Work order - Exactly as written, print the lines from the top of the listing through the line containing "Themed Animal Enclosure"; include no pictures.

Records to process -
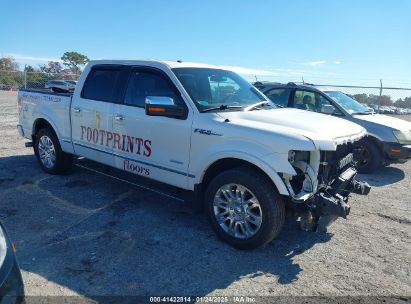 2014 FORD F-150 PLATINUM White  Gasoline 1FTFW1CT5EFA75902 photo #1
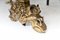 Regency Brass Andirons, Set of 2, Image 7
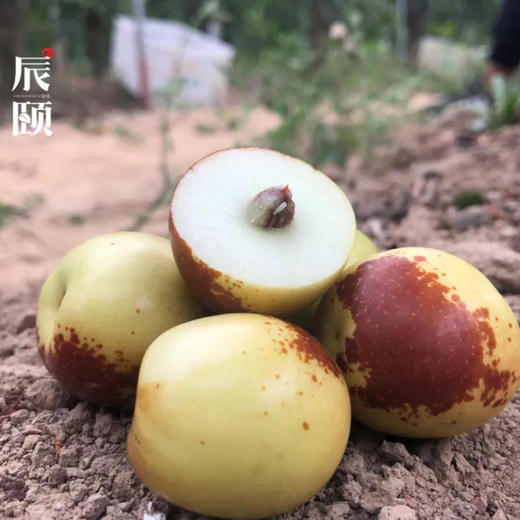 陕西大荔庙上冬枣2斤装核小肉厚甜度高新鲜现摘 商品图0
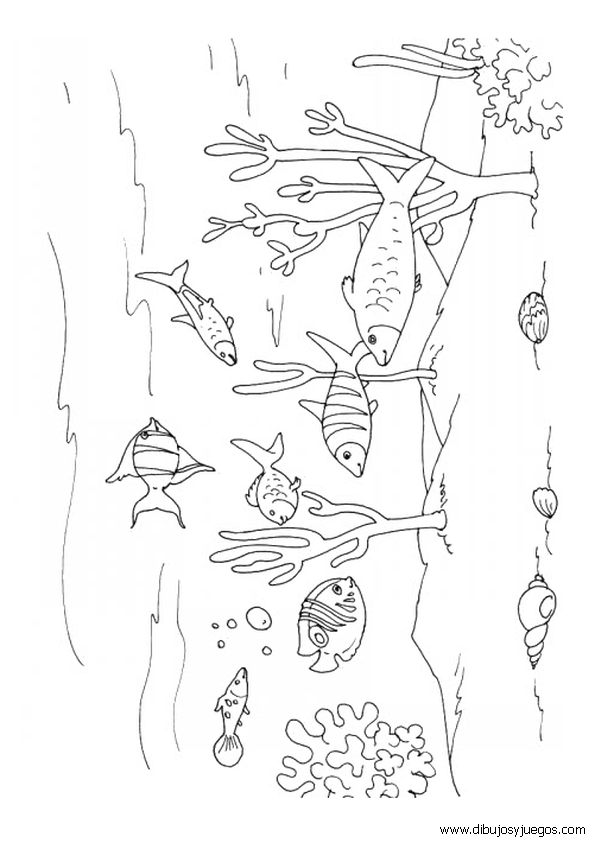 dibujos-de-animales-marinos-013.gif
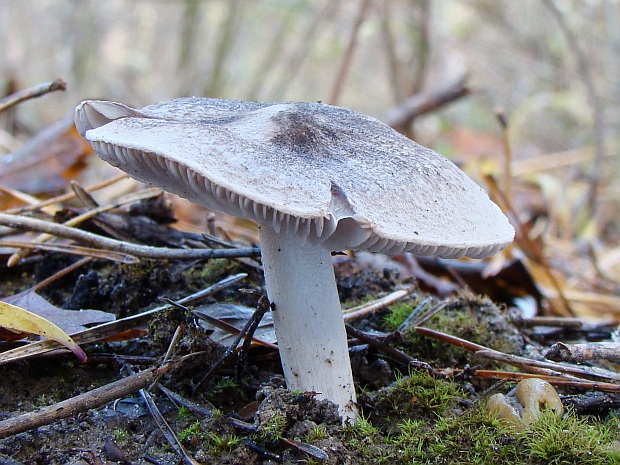 čírovka Tricholoma sp.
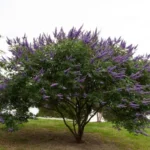 When to Plant Vitex in Texas: Best Timing and Tips for Success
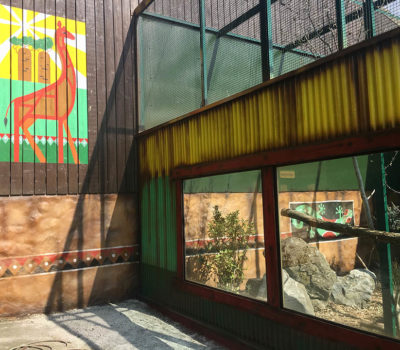 Themed Animal Enclosure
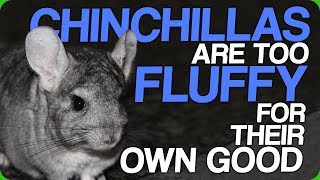 Chinchillas Are Too Furry For Their Own Good (Look After Your Pets)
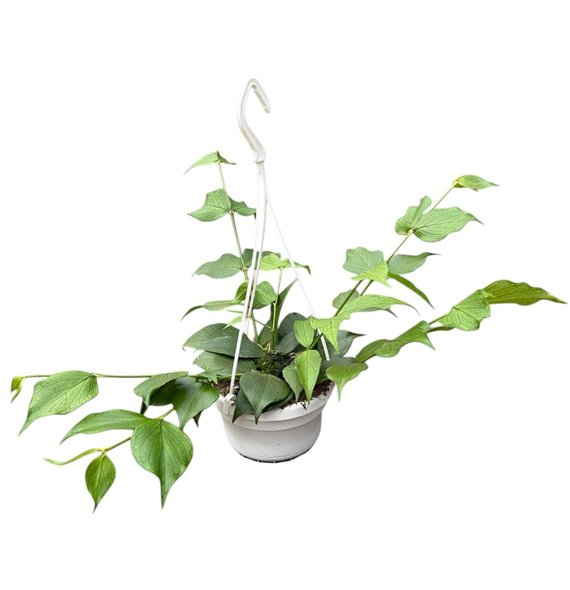 Hoya polyneura 15 - 19 cm 8 pp 15cm 14cm Q2154
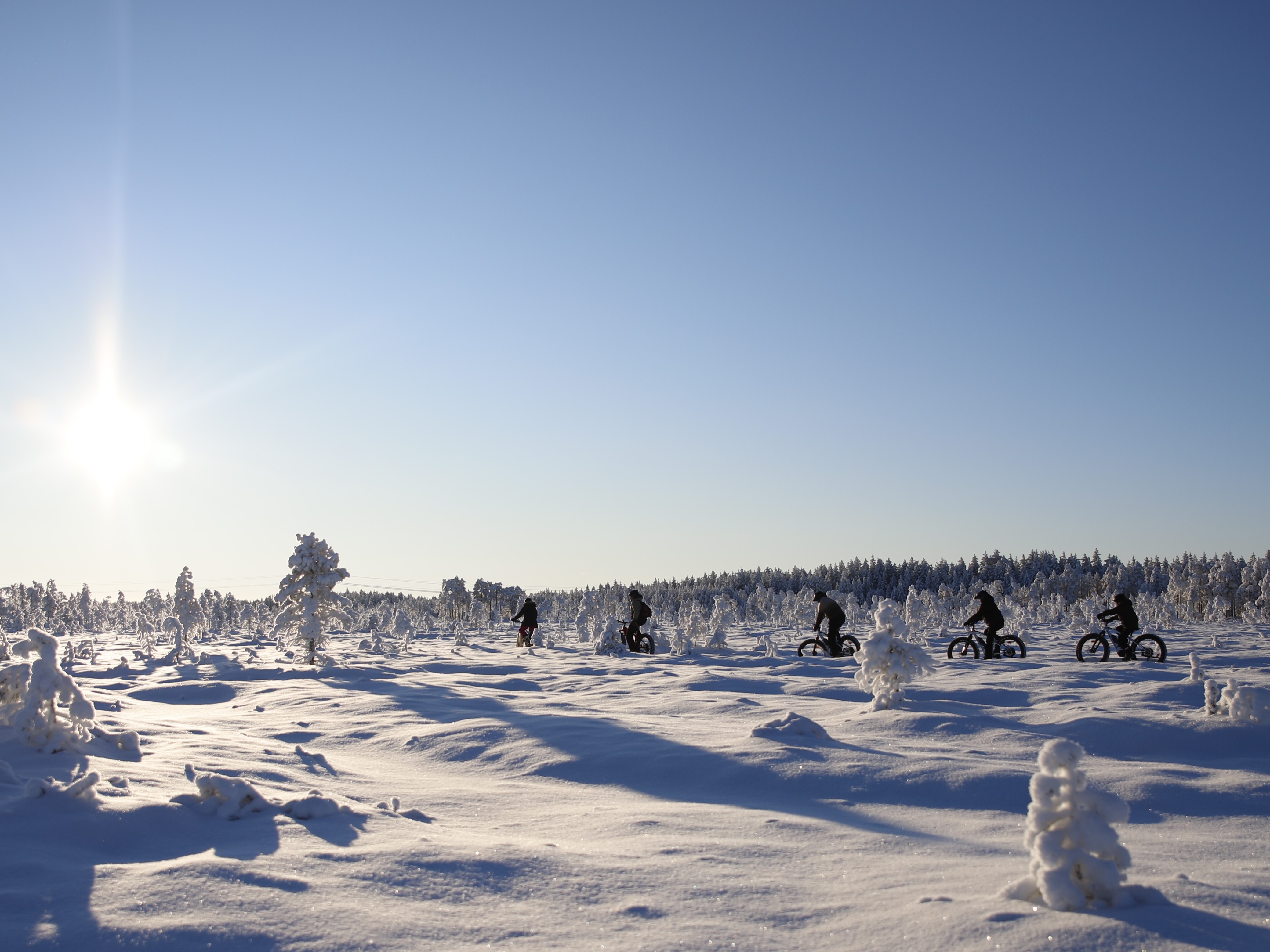 Ryhmä pyöräilijöitä ajamassa metsäpolkua pitkin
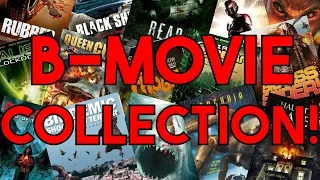 MY B-MOVIE DVD COLLECTION!!!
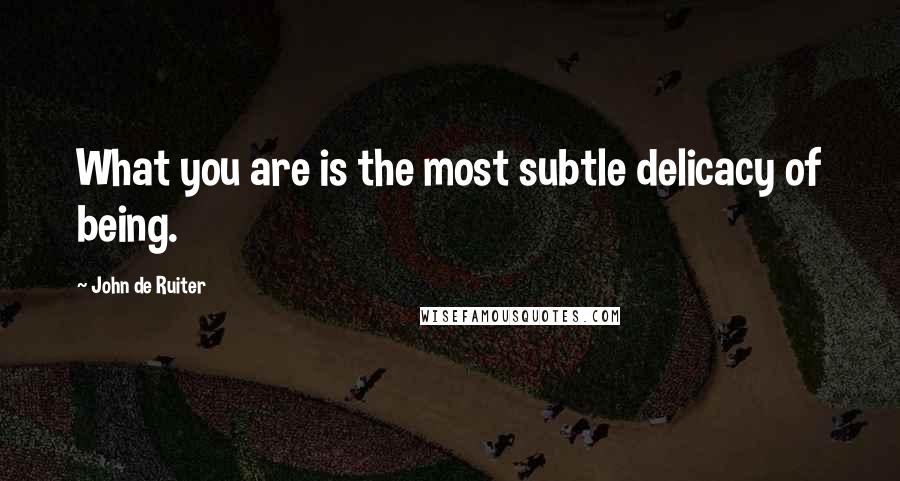 John De Ruiter quotes: What you are is the most subtle delicacy of being.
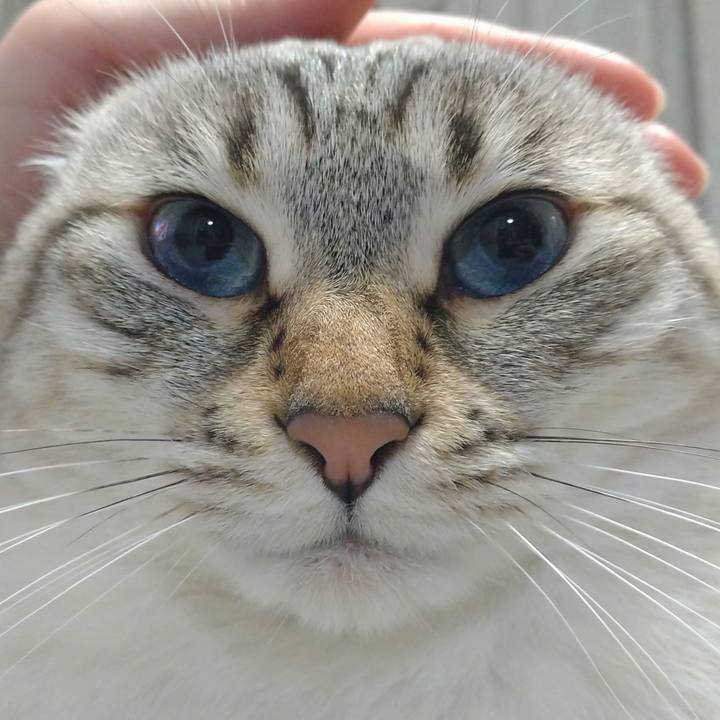 289bc694 4811 4466 a140 d07fc6b3a1b9 1679062041755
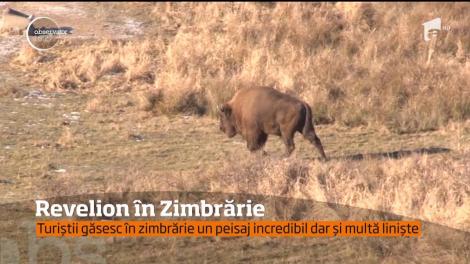 Revelion printre zimbri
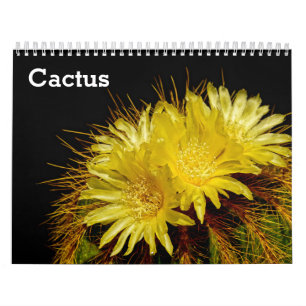 Cactus 2025 calendar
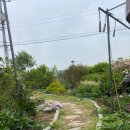 홍예민박 이미지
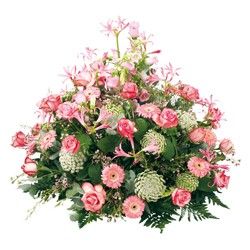 DELICATES PENSEES
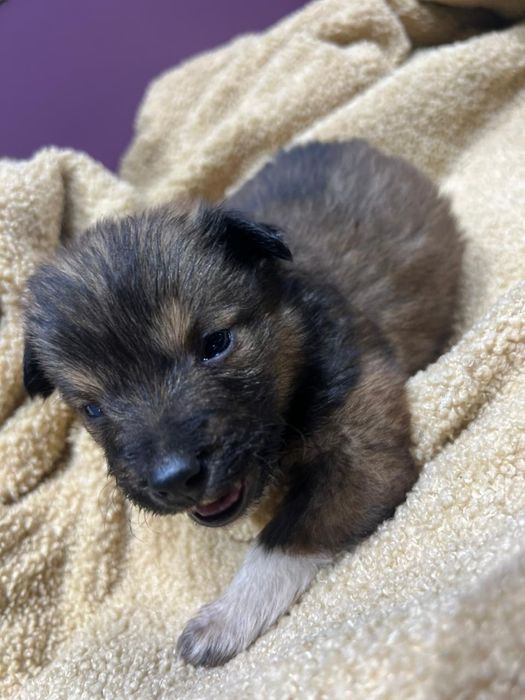 Щеночек мальчик в добрые руки!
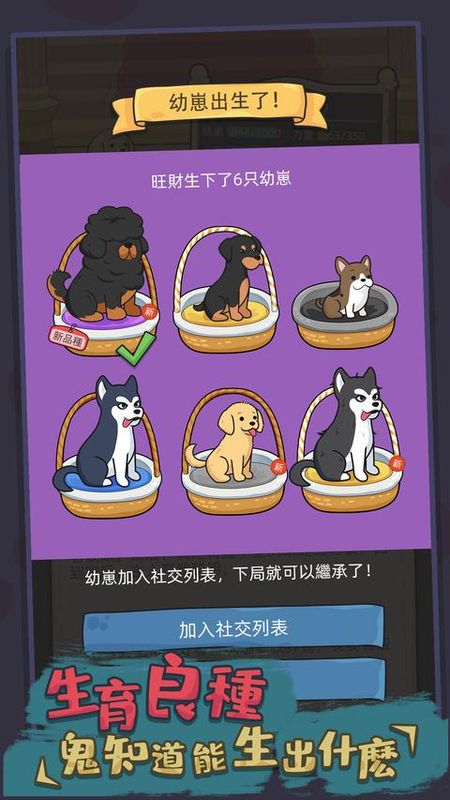 狗生模拟器手游_图片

Reply -
 2014 FORD F-150 PLATINUM White  Gasoline 1FTFW1CT5EFA75902 photo #1
 Regency Brass Andirons, Set of 2, Image 7
 陕西大荔庙上冬枣2斤装核小肉厚甜度高新鲜现摘 商品图0
 dibujos-de-animales-marinos-013.gif
 čírovka Tricholoma sp.
 When to Plant Vitex in Texas: Best Timing and Tips for Success
 Themed Animal Enclosure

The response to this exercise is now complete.